[alok-g]

Thanks. I think I have a better understanding now, though still not having a complete grasp.

>> f(x) = r_1 + x r_2*

>> The right-hand plot shows the output of the kernel function for two indices x and x'.

The kernel function here would be k(x, x') = Cov[f(x), f(x')] = Cov[f(r_1 + x * r_2), f(r_1 + x' * r_2)].

In this case, I am guessing we should be able to figure what k(x, x') would be, but perhaps would not be x * x' for this case. x * x' sounds to be a very special case.

[magicalhippo]

> k(x, x') = Cov[f(x), f(x')] = Cov[f(r_1 + x * r_2), f(r_1 + x' * r_2)].

As I understand it, it would instead be

  k(x, x') = Cov[f(x), f(x')] = Cov[r_1 + x * r_2, r_1 + x' * r_2]

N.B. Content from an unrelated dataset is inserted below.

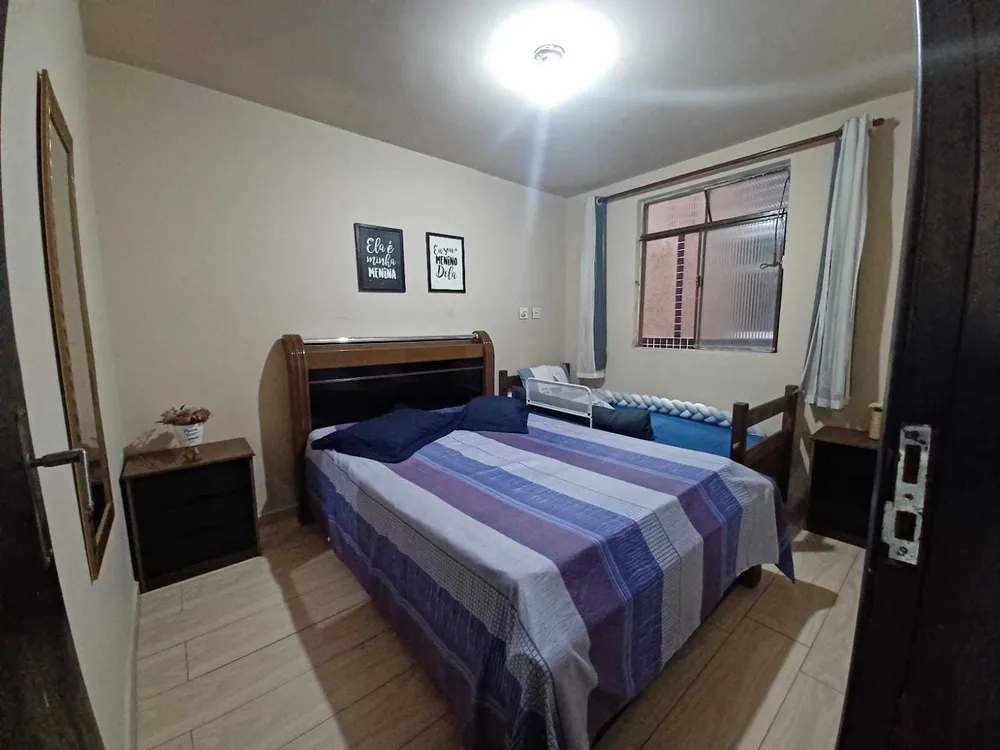 Apartamento, 2 quartos, 40 m² - Foto 8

I admit I haven't run through the full math. Given the definition of covariance I see how you get the x * x' term, but you're right in that it's not immediately obvious the other parts cancel fully.

[magicalhippo]

So working the math a bit, it seems clear the author implicitly assumes the random variables follows a standard normal distribution, so zero mean (E[r] = 0) and unit variance (Var(r) = 1). In that case, you end up with a lot of E[...] = 0 and Var(...) = 1 terms and are left with the x*x' cross term.

[alok-g]

And then in the general case, the answer I guess would be a additive superposition of multiple functions including x.x' ... Hence, x.x' serves for purposes of explanation that the original author is aiming for.

[alok-g]

Thanks for the correction; silly miss on my part.